Wie Sarrazins ist auch Spitzers Welt in gut und schlecht eingeteilt. Die Guten bewältigen ihr Leben weitgehend ohne Computer und Internet. Die Schlechten nutzen die neue Technologien und können „kaum verstehen (. . .), wie die Welt ohne Computer und Internet, Handy und iPod, Spielkonsole und digitalen Fernseher ausgesehen hat“. Für den Autor ist erwiesen, dass „digitale Medien bei jungen Menschen zum Bildungsverfall führen können, dass bei ihrer Nutzung kaum sensomotorische Eindrücke entstehen und das soziale Umfeld ( . . .) deutliche Veränderungen und Einschränkungen erfährt“.

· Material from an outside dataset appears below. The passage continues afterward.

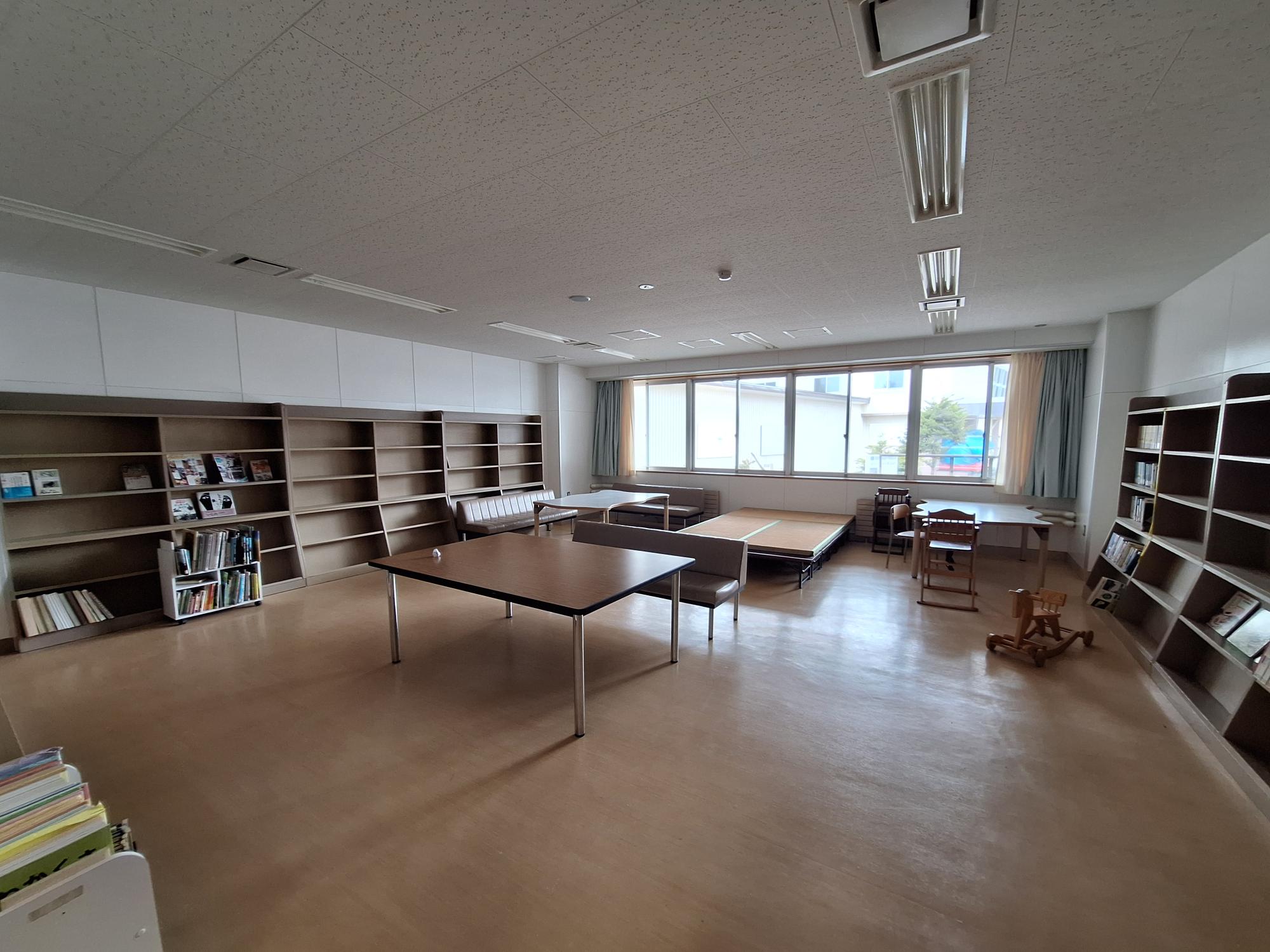 地域交流スペース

Fehlgeleitete Bildungspolitiker und die Lobby

Unnötig zu erwähnen, dass das Netz laut Spitzer für Aufmerksamkeitsstörungen, aggressives Verhalten, Depression, Mobbing und abnehmende Selbstkontrolle verantwortlich ist. Dass es diese Probleme und Leiden schon viel länger gibt als das Internet, bleibt unerwähnt. Zumal die Online-Welt schon immer eine Art Abbild der Offline-Welt war. Hier wie dort macht die Dosis das Gift.

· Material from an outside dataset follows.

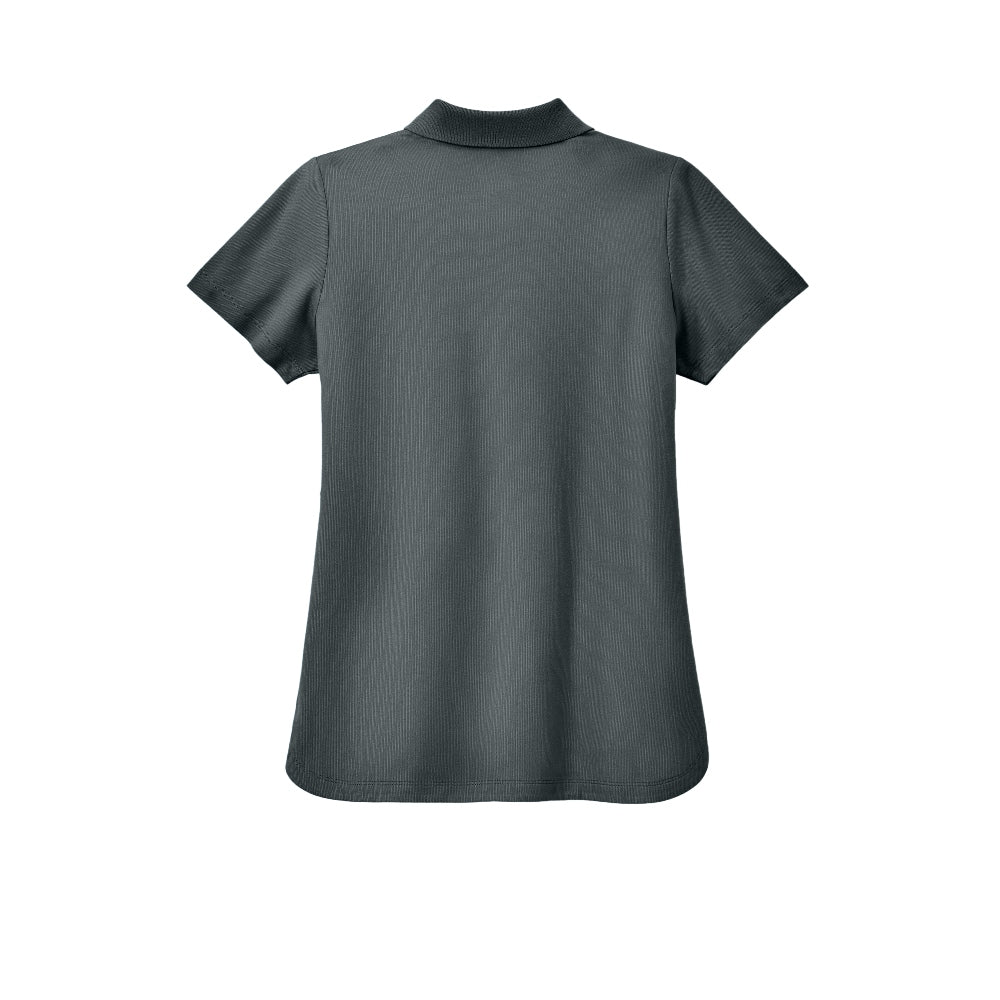Mercer+Mettle® Women’s Stretch Pique Polo - Storm Grey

Dass über die Computernutzung in Schulen auch nur diskutiert wird, ist laut Spitzer dem Zusammenwirken von fehlgeleiteten Bildungspolitikern und der Lobby geschuldet. Dass Online und Offline zusammenwachsen, will er nicht wahrhaben. Die radikalen Thesen, die Manfred Spitzer aus dieser Weltsicht entwickelt, machen sich auch in Talkshows gut – zumal keiner die 320 Seiten gelesen haben muss, um mitreden zu können. Vor allem Fernseh- und Internetverweigerer dürften Spitzer zustimmen. Er positioniert sich als ihre Stimme, als Offline-Messias: „Als Psychiater und Hirnforscher kann ich aber nicht anders“, schreibt er in der Einführung. Er wolle ja nur das Beste für die Kinder und die Gesellschaft.

„Ich weiß es besser als ihr“

Das Unerträgliche an Manfred Spitzers Buch sind freilich weniger die Kritik selbst oder ihr pseudowissenschaftlicher Stil. Aggressiv macht die voreingenommene Haltung des Autors: „Ich weiß es besser als ihr.“ Es bleibt zu hoffen, dass dieser Prediger des Rückwärtsgewandten nur zur Belustigung gelesen wird, dass sein quasi-religiöser Furor aber nicht noch mehr Menschen dazu bringt, sich der größten Medienrevolution seit der Einführung des Rundfunks weiter zu entziehen, nur weil sie ad hoc nicht verstehen, was die anderen mit diesem Internet eigentlich machen.